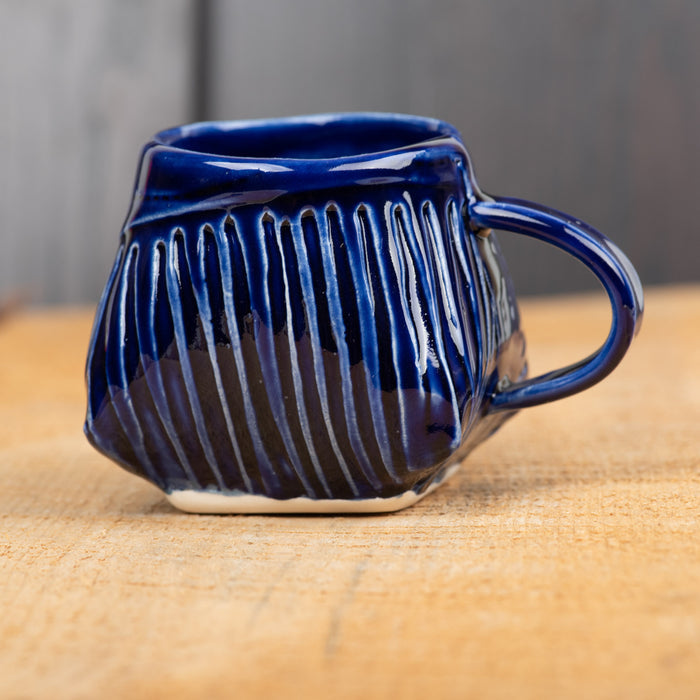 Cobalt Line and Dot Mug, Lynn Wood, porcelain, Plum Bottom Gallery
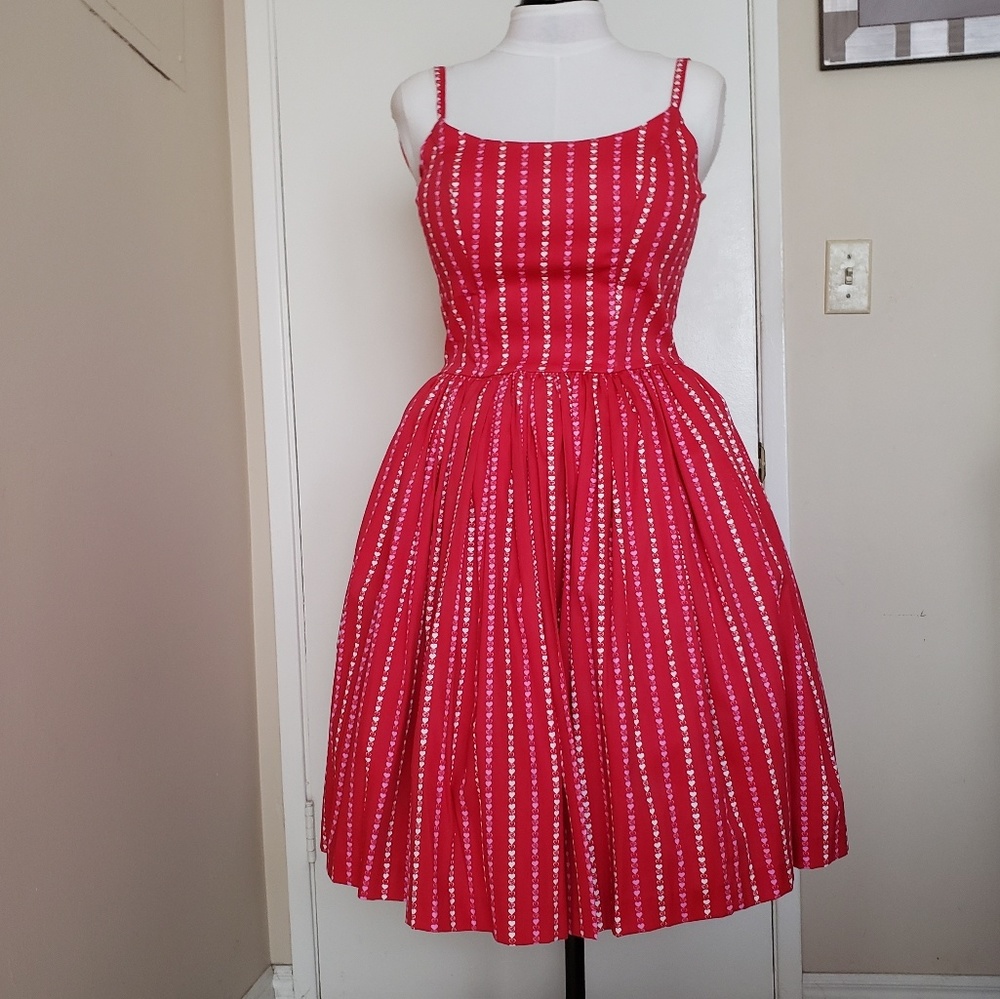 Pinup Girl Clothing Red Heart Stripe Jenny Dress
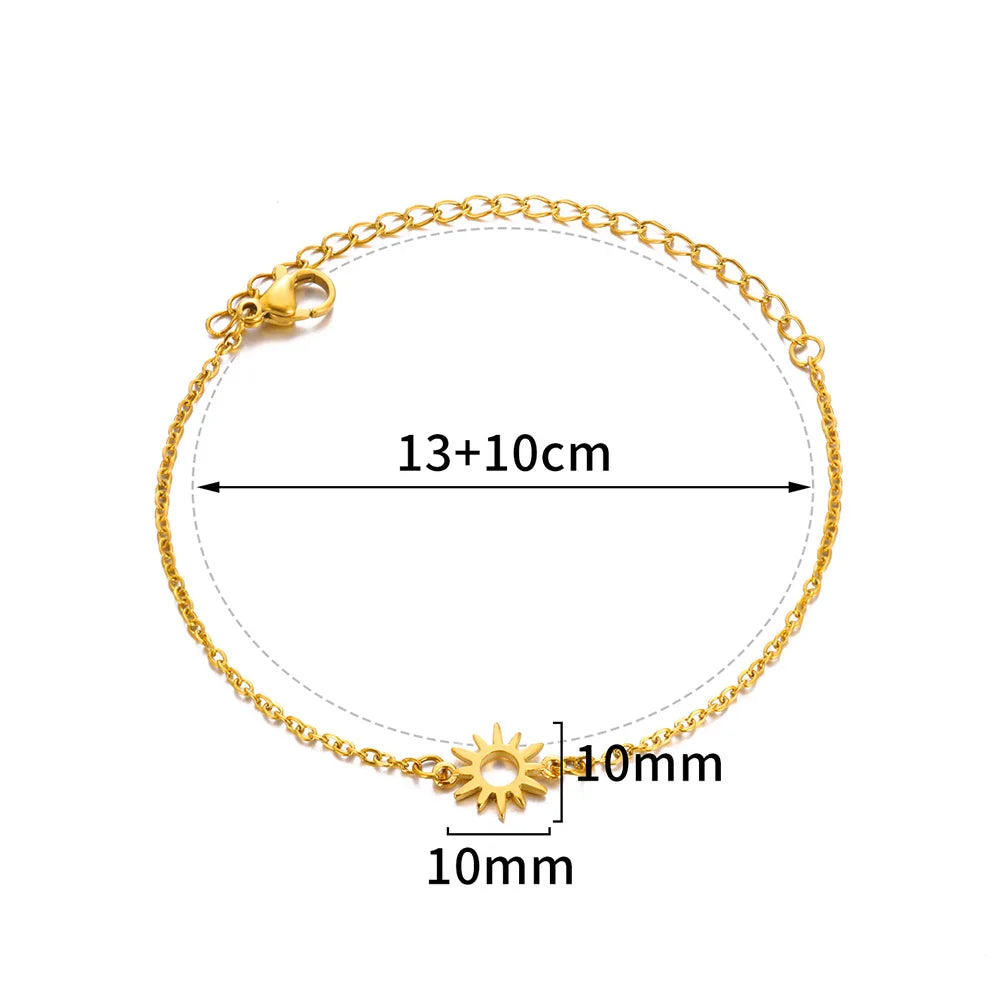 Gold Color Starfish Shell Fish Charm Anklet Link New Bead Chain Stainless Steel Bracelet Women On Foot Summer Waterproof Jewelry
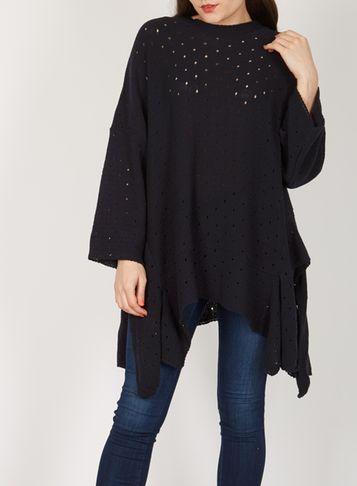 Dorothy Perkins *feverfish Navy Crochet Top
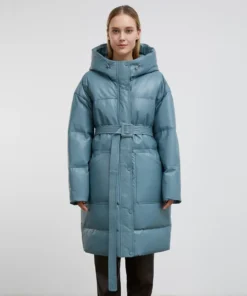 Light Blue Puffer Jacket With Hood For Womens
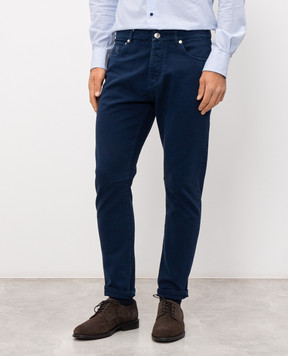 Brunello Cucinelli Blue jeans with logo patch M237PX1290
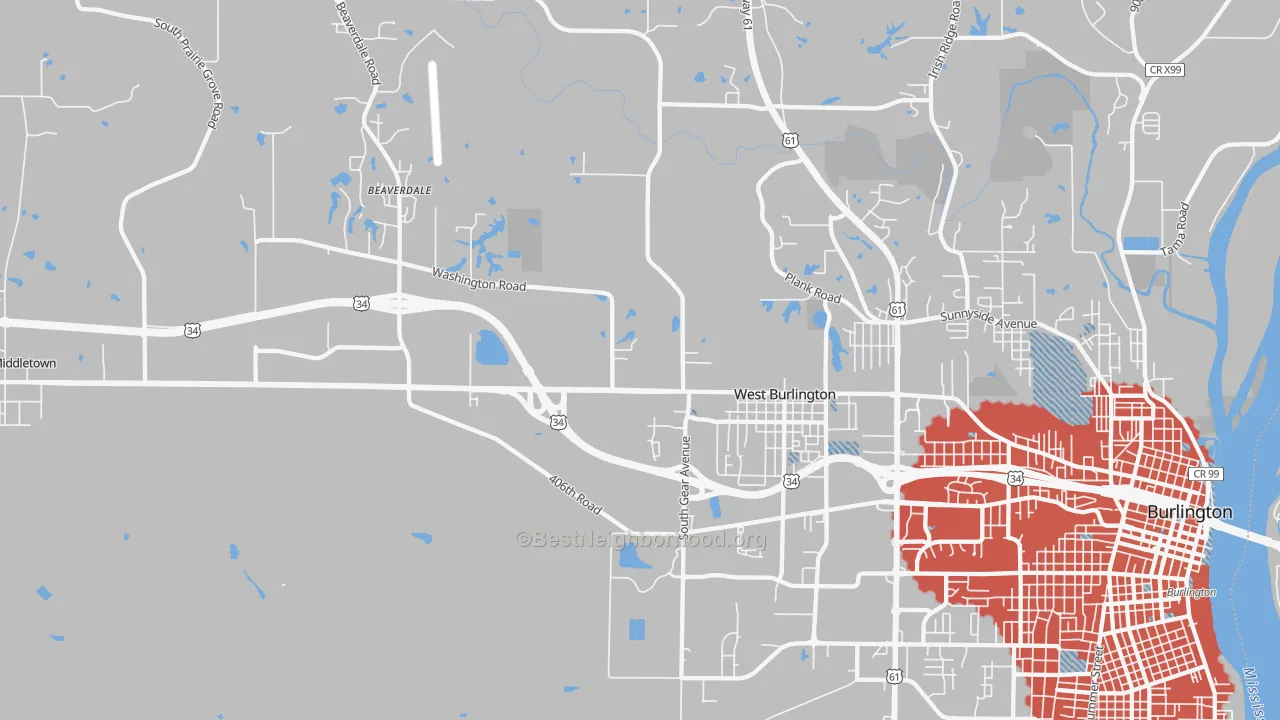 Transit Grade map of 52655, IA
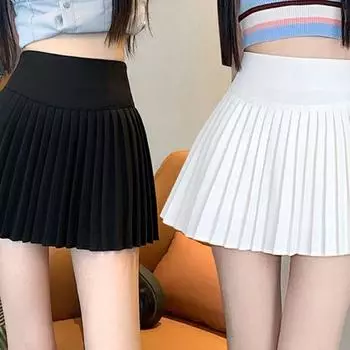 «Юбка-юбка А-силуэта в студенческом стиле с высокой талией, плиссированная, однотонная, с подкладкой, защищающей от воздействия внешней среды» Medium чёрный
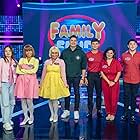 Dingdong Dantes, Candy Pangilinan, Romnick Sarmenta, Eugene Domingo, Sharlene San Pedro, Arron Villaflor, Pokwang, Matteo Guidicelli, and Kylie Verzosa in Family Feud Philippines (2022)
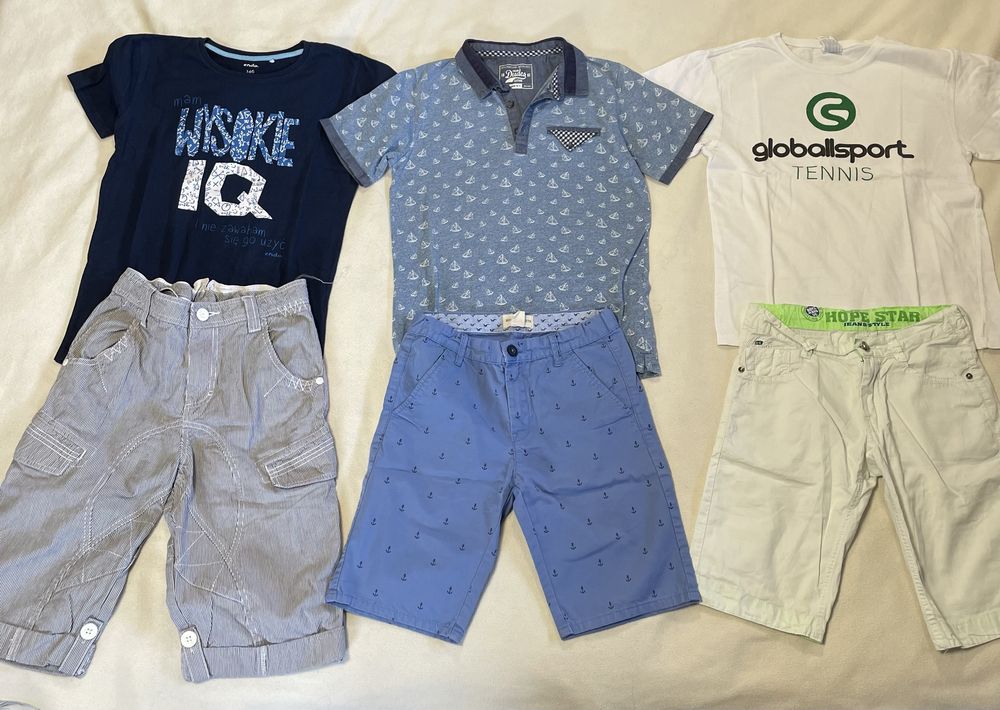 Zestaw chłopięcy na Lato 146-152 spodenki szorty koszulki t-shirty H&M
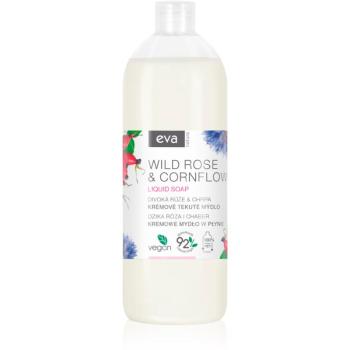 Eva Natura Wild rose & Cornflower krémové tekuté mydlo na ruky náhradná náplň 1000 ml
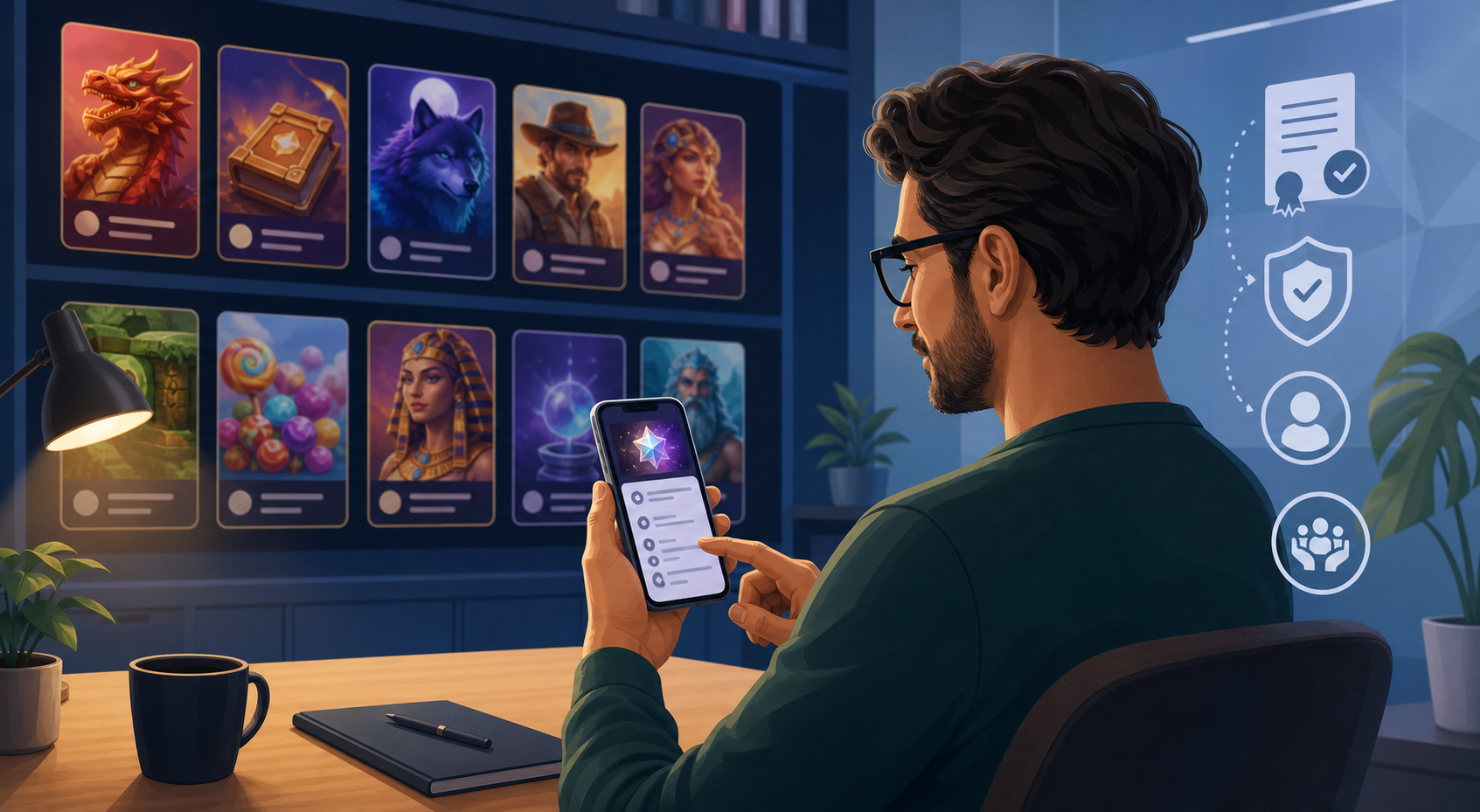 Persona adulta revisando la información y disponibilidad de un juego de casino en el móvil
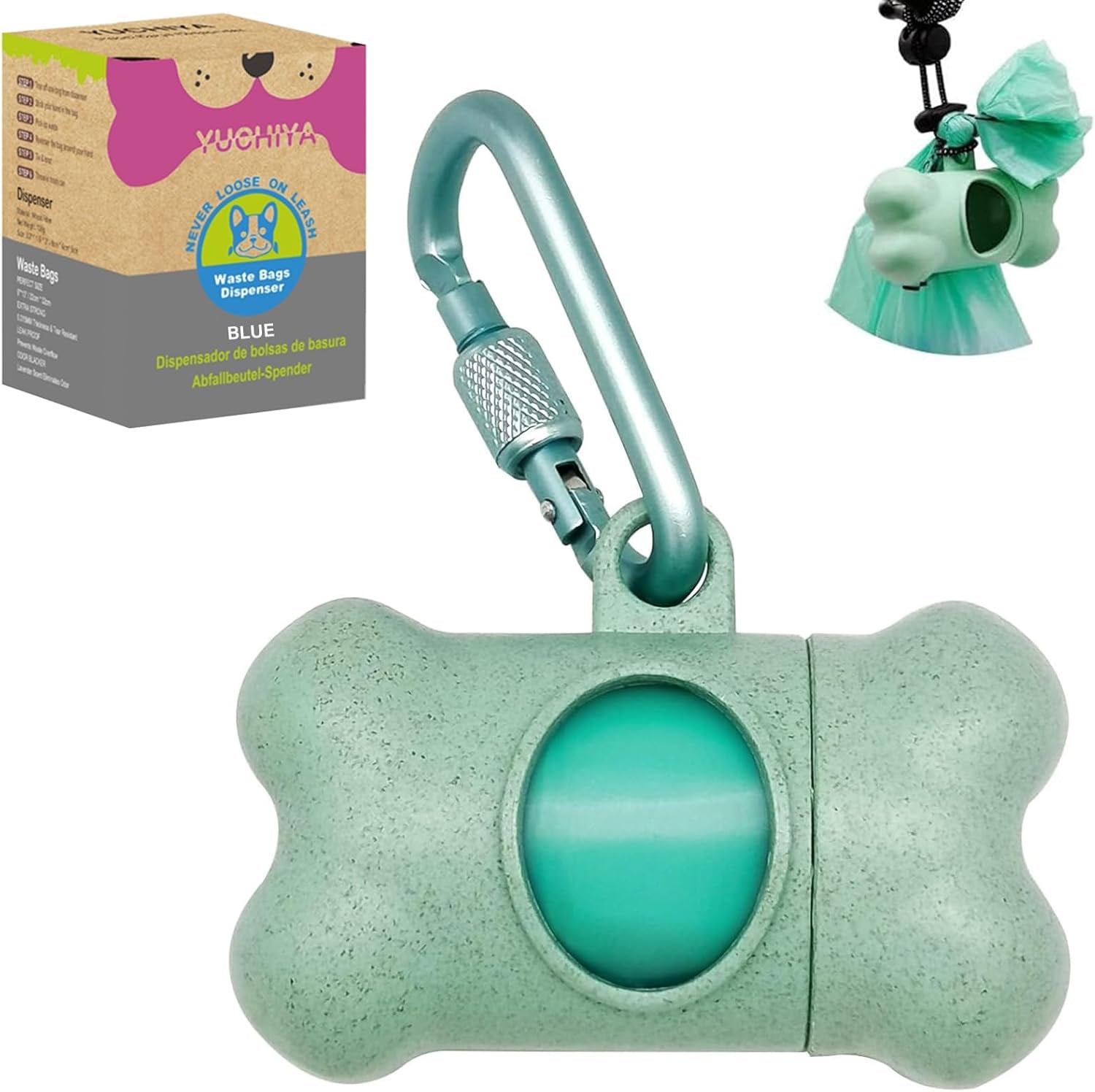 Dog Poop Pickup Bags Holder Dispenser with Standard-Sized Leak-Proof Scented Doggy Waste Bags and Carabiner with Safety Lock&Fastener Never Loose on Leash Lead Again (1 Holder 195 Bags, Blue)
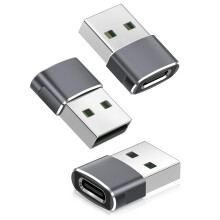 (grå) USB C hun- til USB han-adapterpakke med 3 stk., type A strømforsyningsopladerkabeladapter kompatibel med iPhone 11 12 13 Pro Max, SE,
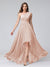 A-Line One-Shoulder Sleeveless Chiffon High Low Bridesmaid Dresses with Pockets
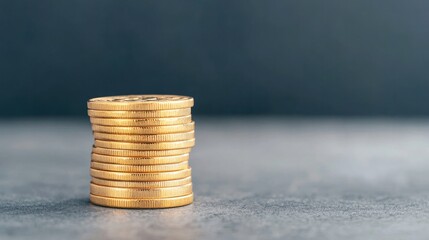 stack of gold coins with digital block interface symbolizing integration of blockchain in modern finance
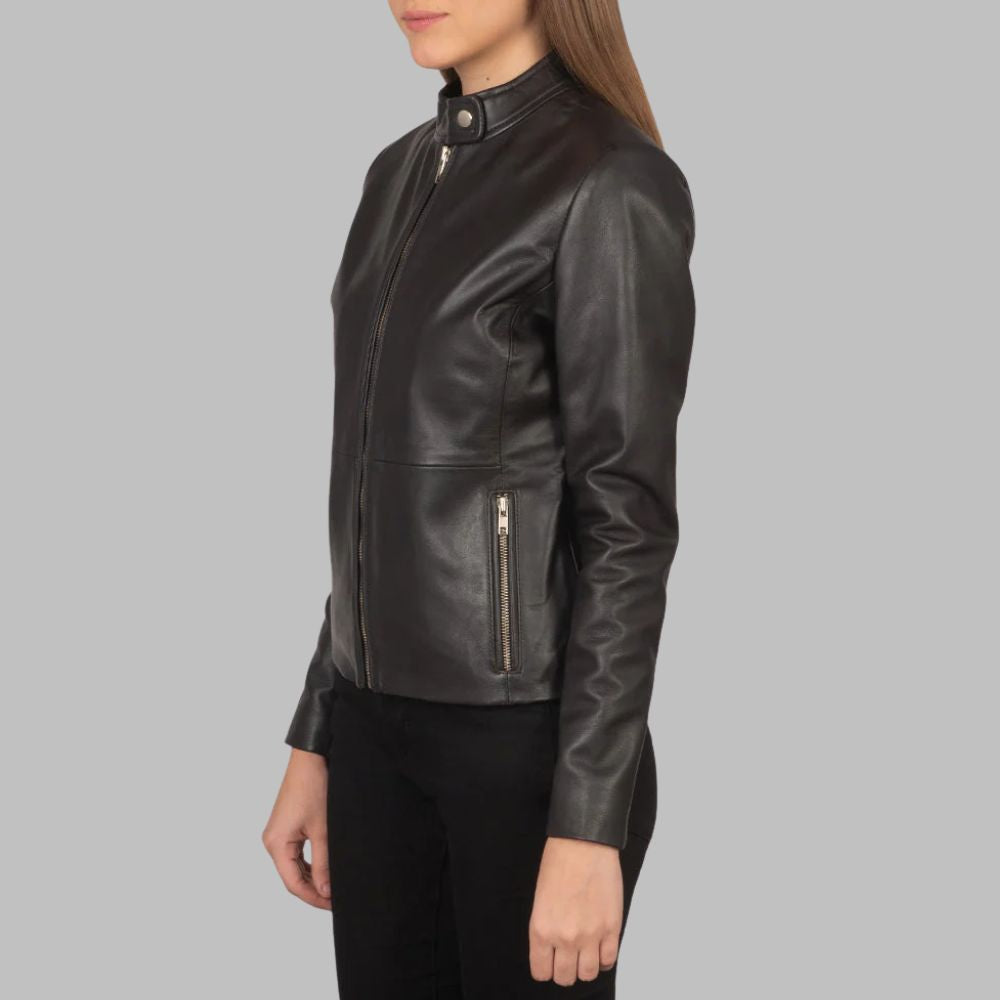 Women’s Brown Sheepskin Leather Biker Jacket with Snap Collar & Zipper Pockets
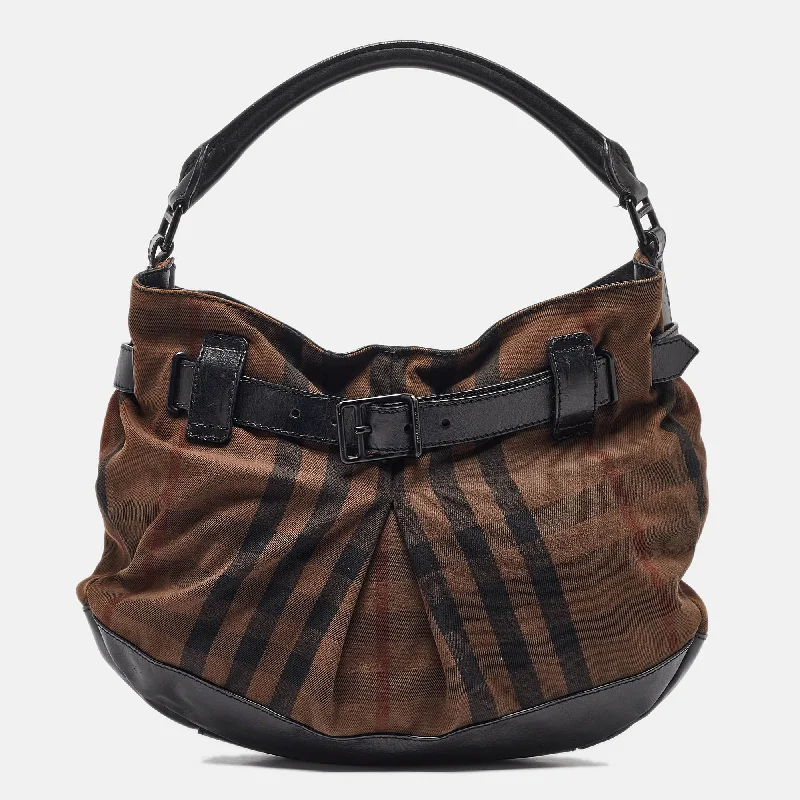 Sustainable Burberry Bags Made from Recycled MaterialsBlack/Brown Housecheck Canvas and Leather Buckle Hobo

+ + + + +

From the records above, write out exactly the lines that begin at the line with "Dingdong Dantes, Candy" and end at the line with "Eva Natura Wild". Pictures must not appear in the output.

 Dingdong Dantes, Candy Pangilinan, Romnick Sarmenta, Eugene Domingo, Sharlene San Pedro, Arron Villaflor, Pokwang, Matteo Guidicelli, and Kylie Verzosa in Family Feud Philippines (2022)
 Zestaw chłopięcy na Lato 146-152 spodenki szorty koszulki t-shirty H&M
 Eva Natura Wild rose & Cornflower krémové tekuté mydlo na ruky náhradná náplň 1000 ml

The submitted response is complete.